God, the All-Vulnerable
Sermon preached by Fr. Antony Hughes on Sunday, April 2, 2017
The Reading from the Holy Gospel according to St. Mark. (10:32-45)
James and John desired power. They wanted to sit at the right and left hands of the All-Powerful God, the Imperial Majesty on High, the Divine Potentate, the Inescapable and Invulnerable Judge. Jesus corrects them by asking a question. You may note in reading the Gospels that Jesus is much more into asking questions than he is in giving answers.
“You do not know what you are asking. Are you able to drink the cup I drink…?” We all know what he meant. Are you prepared to take up the Cross for that is what it means to sit on his right and left hand? Its not about getting power, it’s about giving it up. It’s about Extreme Humility.
Jesus explains things more clearly.
“You know that those who are supposed to rule over the Gentiles lord it over them and their great exercise authority over them. But it shall not be so among you; for whoever would be great among you must be your servant, and whoever would be first among you must be servant of all. For the Son of man came not to be served but to serve, and to give his life as a ransom for many.”
Brian McLaren puts a comment into the mouth of one of his protagonists in A NEW KIND OF CHRISTIAN that I think puts a fine point on it. It is this. “But I am saying that truth means more than factual accuracy. It means being in sync with God.” Theological accuracy, my friends, doesn’t ensure that we are in sync with God.
The triumphalism that often afflicts us Orthodox, which is all about lording it over the other who is so obviously wrong, is a betrayal of Christ. We pride ourselves for getting all things right and this does not make us disciples of the Lord . Triumphalism makes us Pharisees. About this, about us, Jesus proclaims, “By their fruits ye shall know them.”

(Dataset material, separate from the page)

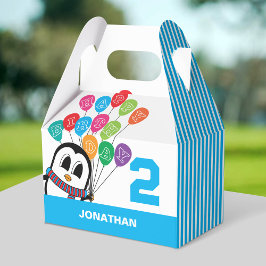 Cute Penguin Birthday Gable Box/Favoritbox Presentaskar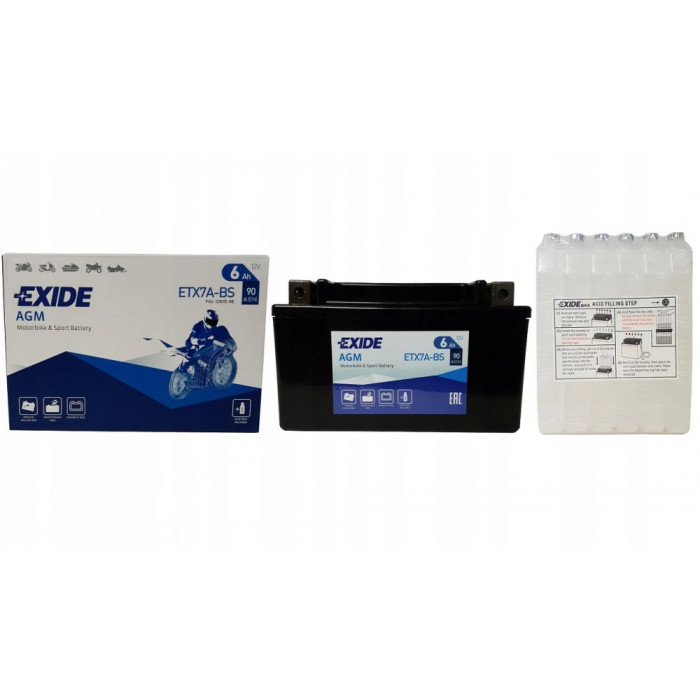 Аккумулятор Мото EXIDE AGM ETX7A-BS 6Ач 90A прям. пол. 150x87x93 (YTZ10S, YTX7A-BS)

The wife of my Old Testament professor at Oral Roberts University seminary did not like the Orthodox Church. At this time a group of us were preparing for or considering becoming Orthodox and we were puzzled by her hatred. We were afraid to ask her why until one day I gathered the courage to ask. This is the tragic story she told us. She was raised as a Protestant in Eastern Europe where the majority of the people were Orthodox. One day, as she was walking in her village, she watched as a mob of Orthodox Christians grabbed a couple of innocent Jewish children, beat them and hanged them from a tree. She was traumatized and after that she had a visceral hatred of all things Orthodox. We were stunned.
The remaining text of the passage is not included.